## EXERCISE DETAILS:
Beginning with the line that contains "(1971-065) Марка Венгрия", restate each line below through the final one exactly, and exclude the pictures.

## DATASET CONTENT:
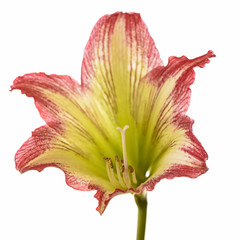 lilium flower on white background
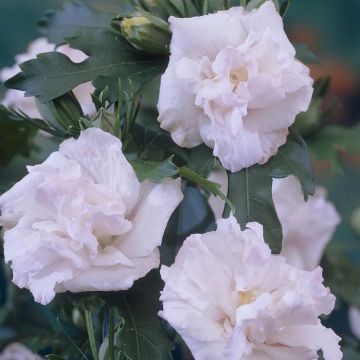 Hibiscus Admiral Dewey
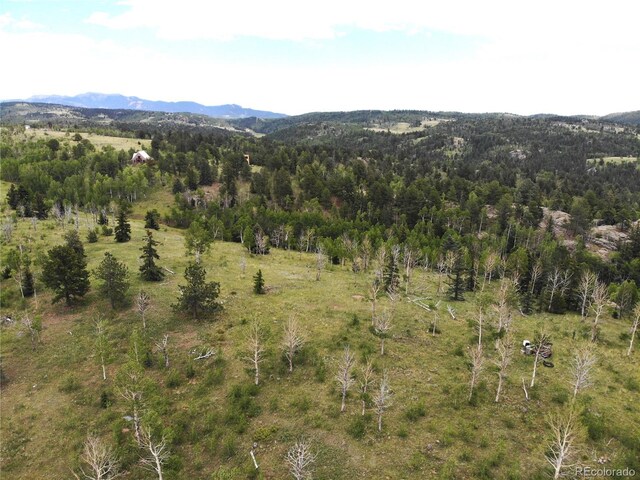 view of mountain feature with a wooded view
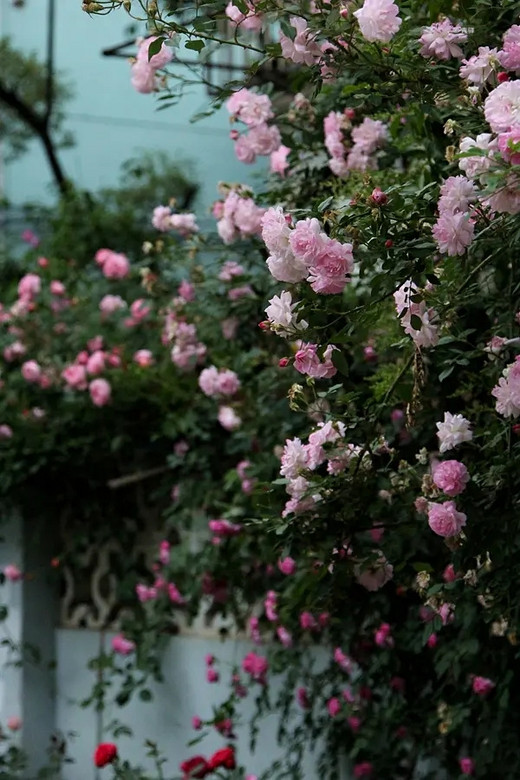 蔷薇打卡之街头巷尾 #春暖花开#-南京
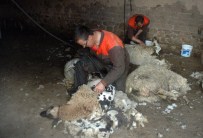 KOYUN KIRKMA - TEK Koluyla Bir Koyunu 135 Saniyede Kırkıyor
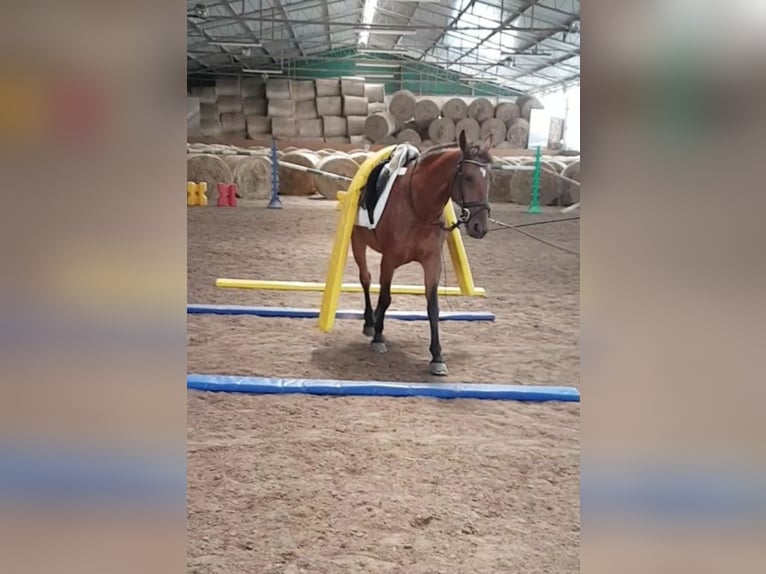 Duitse rijpony Mix Merrie 7 Jaar 143 cm Bruin in Berlin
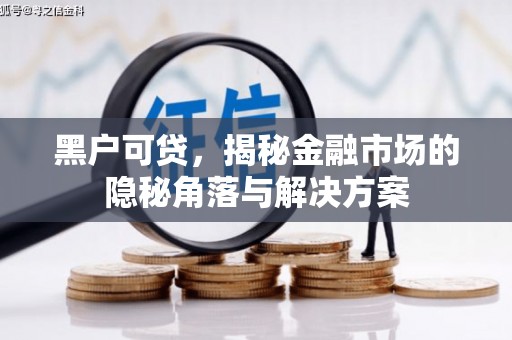 乌拉特后旗黑户可贷，揭秘金融市场的隐秘角落与解决方案
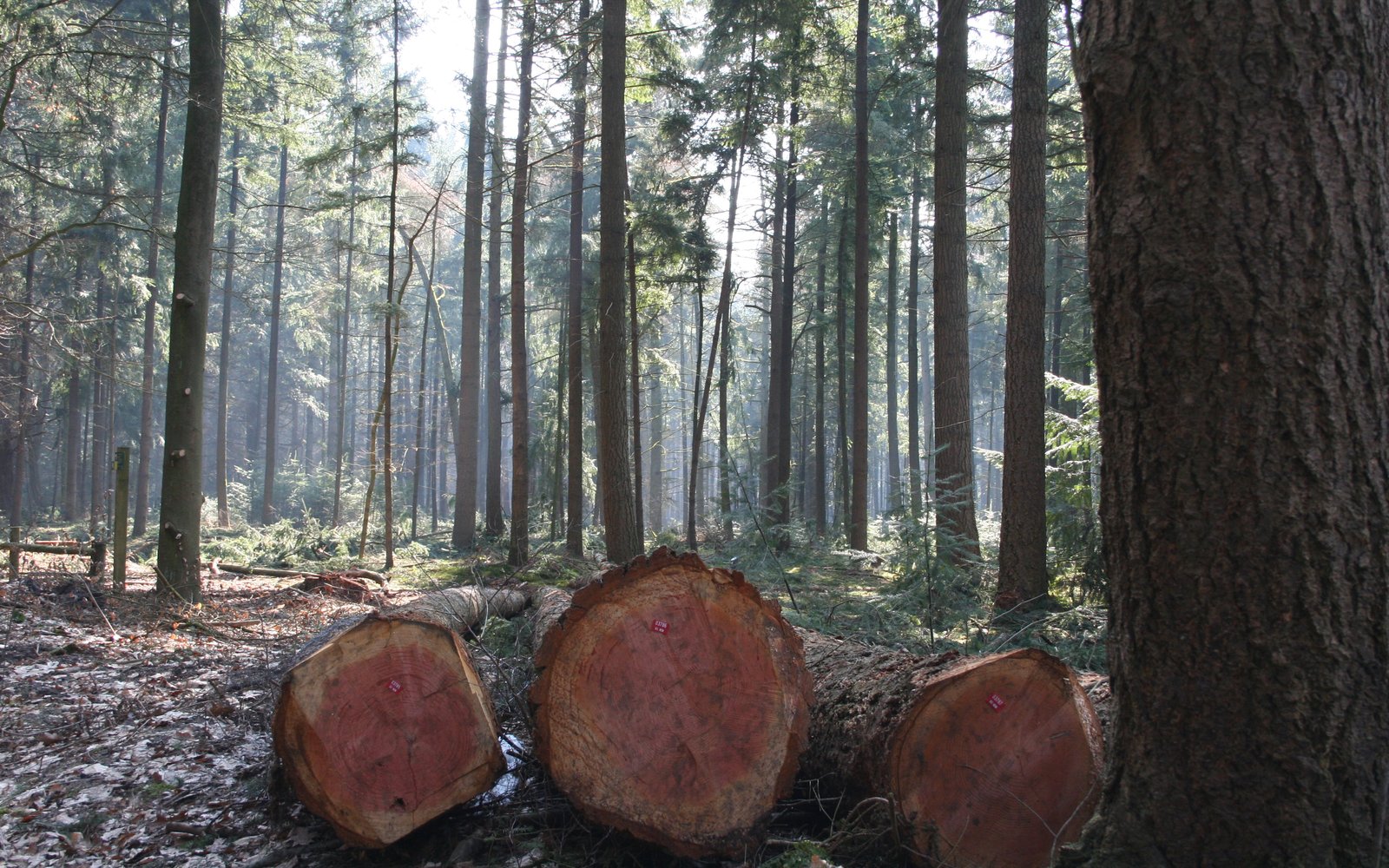 hout in het bos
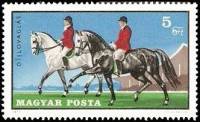 (1971-065) Марка Венгрия "Выездка лошадей" ,  III O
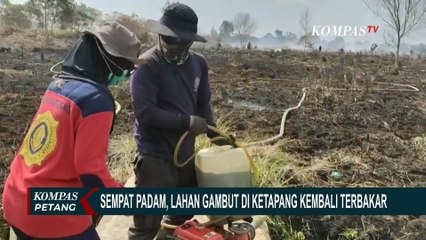 Polisi Tetapkan Satu Tersangka Kebakaran Lahan Gambut di Ketapang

## EXERCISE SOLUTION:
 (1971-065) Марка Венгрия "Выездка лошадей" ,  III O
 Polisi Tetapkan Satu Tersangka Kebakaran Lahan Gambut di Ketapang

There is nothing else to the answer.